The Miami-based company makes a device that shoots sound waves through cannabis oil — which is nearly solid at room temperature — to get the molecules to move apart and mix with other ingredients that are lighter and more slippery. When added to water, microscopic droplets of the resulting mixture can stay suspended, instead of sinking to the bottom.
“We’ve solved it. I feel very confident saying that,” said Steph Tripp of Stillwater Ingredients, a company that rebranded itself as Caliper Commercial Ingredients in the days after our interview.
Caliper makes manufacturing-scale batches of the mixture that lets hemp-derived CBD suspend in new drinks that are increasingly showing up at gyms and health food stores. As of late 2018, CBD that’s extracted from hemp is legal to sell in all 50 states.
Guardian markets a sports drink infused with CBD that aims to give athletes a healthy way to hydrate, with a little something extra. Without THC, the psychoactive molecule in cannabis, Guardian’s drinks can be sold in more places. The company intends to reach health-conscious consumers who are more interested in cannabis for wellness than as a way to get high.
“So we wanted to go all organic, no refined sugar,” Gouldman explained.
Guardian’s target customers are likely similar to the ones Eat Green LA is trying to reach with its cold-pressed, cannabis-infused juices.
“People come to cannabis to help them with their health. I don’t want to give someone diabetes while trying to help them combat Alzheimer’s,” said co-founder Tea Vickers.
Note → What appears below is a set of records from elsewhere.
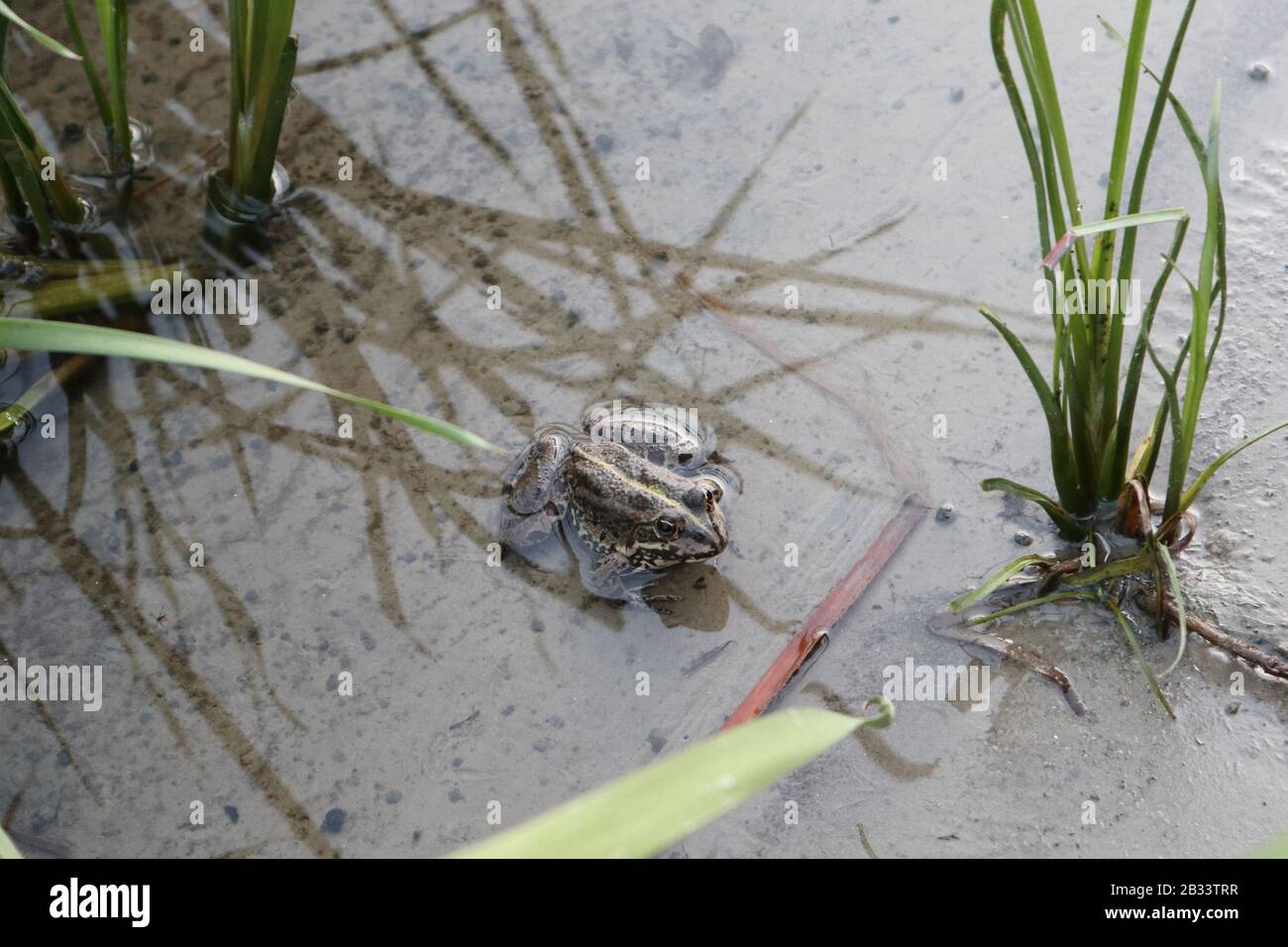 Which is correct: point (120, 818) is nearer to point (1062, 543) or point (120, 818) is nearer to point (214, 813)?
point (214, 813)

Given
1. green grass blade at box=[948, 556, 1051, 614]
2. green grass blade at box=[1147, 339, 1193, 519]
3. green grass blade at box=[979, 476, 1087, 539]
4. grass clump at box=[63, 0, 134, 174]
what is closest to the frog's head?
green grass blade at box=[948, 556, 1051, 614]

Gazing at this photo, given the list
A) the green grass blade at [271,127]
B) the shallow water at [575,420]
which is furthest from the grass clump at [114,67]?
the green grass blade at [271,127]

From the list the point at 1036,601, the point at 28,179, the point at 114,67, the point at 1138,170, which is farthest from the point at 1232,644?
the point at 28,179

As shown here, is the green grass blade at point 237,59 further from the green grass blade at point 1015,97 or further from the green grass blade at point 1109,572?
the green grass blade at point 1109,572

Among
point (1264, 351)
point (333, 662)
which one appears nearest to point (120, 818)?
point (333, 662)

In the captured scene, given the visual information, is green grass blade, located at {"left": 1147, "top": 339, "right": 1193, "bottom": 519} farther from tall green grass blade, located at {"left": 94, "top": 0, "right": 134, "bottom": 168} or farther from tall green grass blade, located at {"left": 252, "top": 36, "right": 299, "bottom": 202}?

Eat Green offers its drinks in both THC and non-THC versions, with the former sold only at cannabis dispensaries. There are plenty of other restrictions around the inclusion of THC in beverages, but the biggest one is this: A drink sold with THC in it cannot also contain alcohol.
“Alcohol, when you drink too much of it, you’re supposed to throw up,” Vickers explained. “That’s what stops you from being poisoned. And THC and CBD literally stop you from throwing up.”
It’s the ultimate irony, since stopping nausea was a major reason cannabis was legalized in the first place, for medical use. It was heralded as a way to help people suffering from AIDS keep food down, and mitigate the side effects of chemotherapy for those battling cancer.
Now, in states where it’s recreationally legal, companies like Keef are pitching cannabis drinks as a way to enjoy a different kind of buzz while hanging out with friends who are drinking alcohol. Unlike solid cannabis edibles, a THC drink can be absorbed quickly by the body, and can start having an effect within 15 minutes or less.
“Drinking alcohol has been around forever, and it’s so familiar to everybody,” Stolz said. “Why shouldn’t drinking cannabis be just the same?”